### Requirement
Produce an exact transcription of the listing below, omitting the pictures.
____ Data section
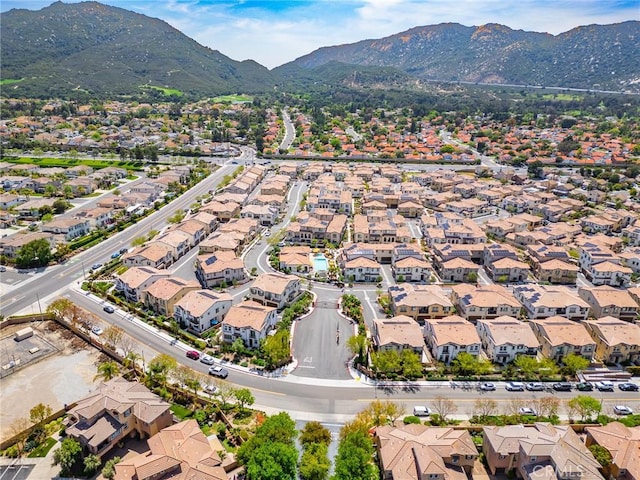 birds eye view of property with a residential view and a mountain view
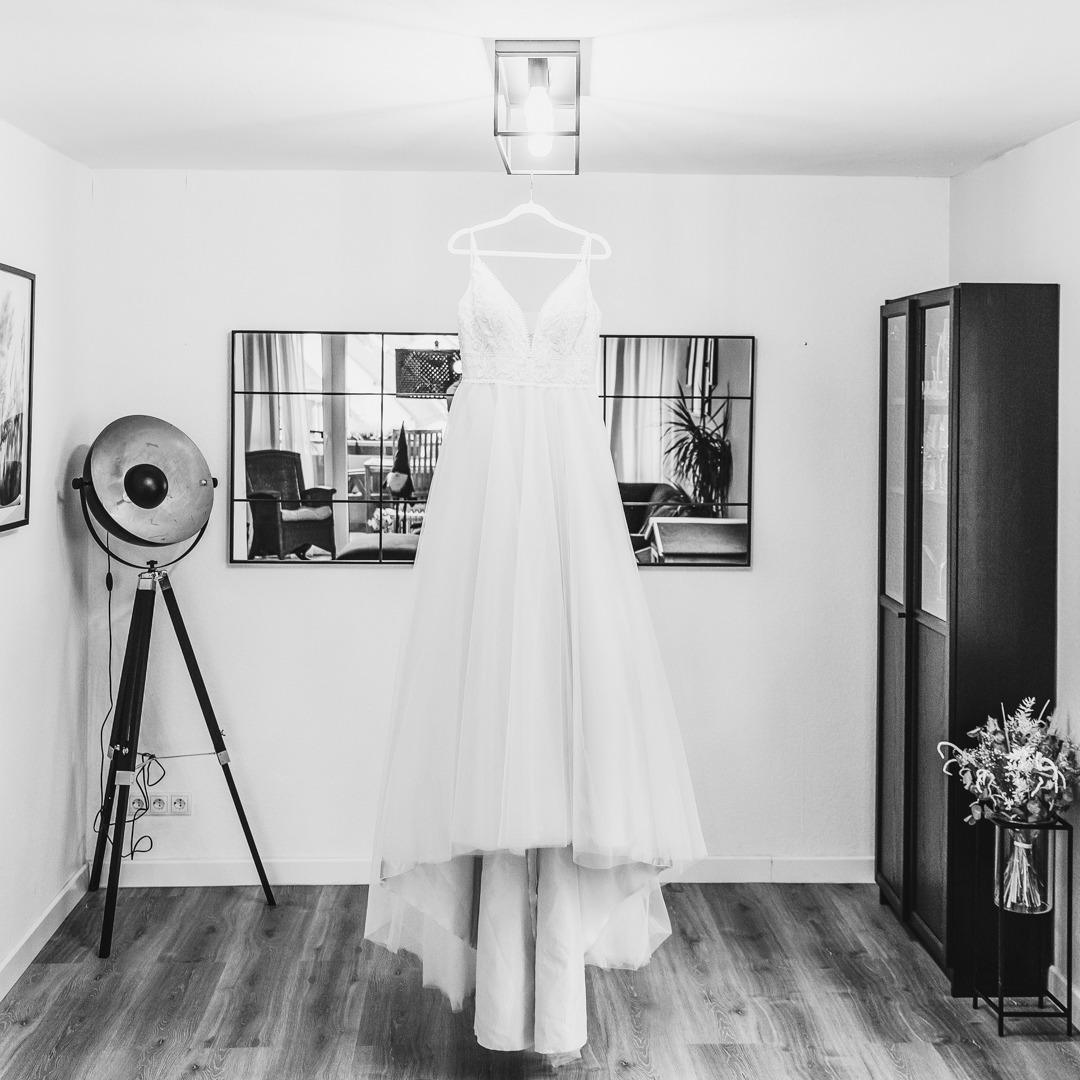 Brautkleid hängt an der Deckenlampe im Wohnzimmer - Aufnahme in Schwarzweiß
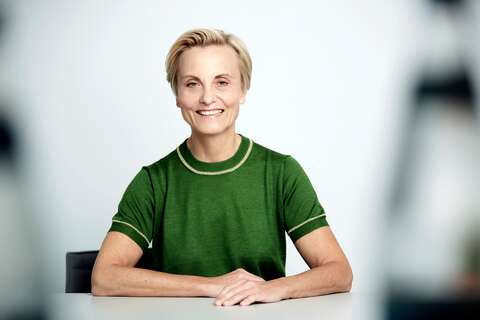 A smiling person in a green shirt sits confidently at a table, exuding a refreshing and positive vibe.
________
### Completed task
 birds eye view of property with a residential view and a mountain view
 Brautkleid hängt an der Deckenlampe im Wohnzimmer - Aufnahme in Schwarzweiß
 A smiling person in a green shirt sits confidently at a table, exuding a refreshing and positive vibe.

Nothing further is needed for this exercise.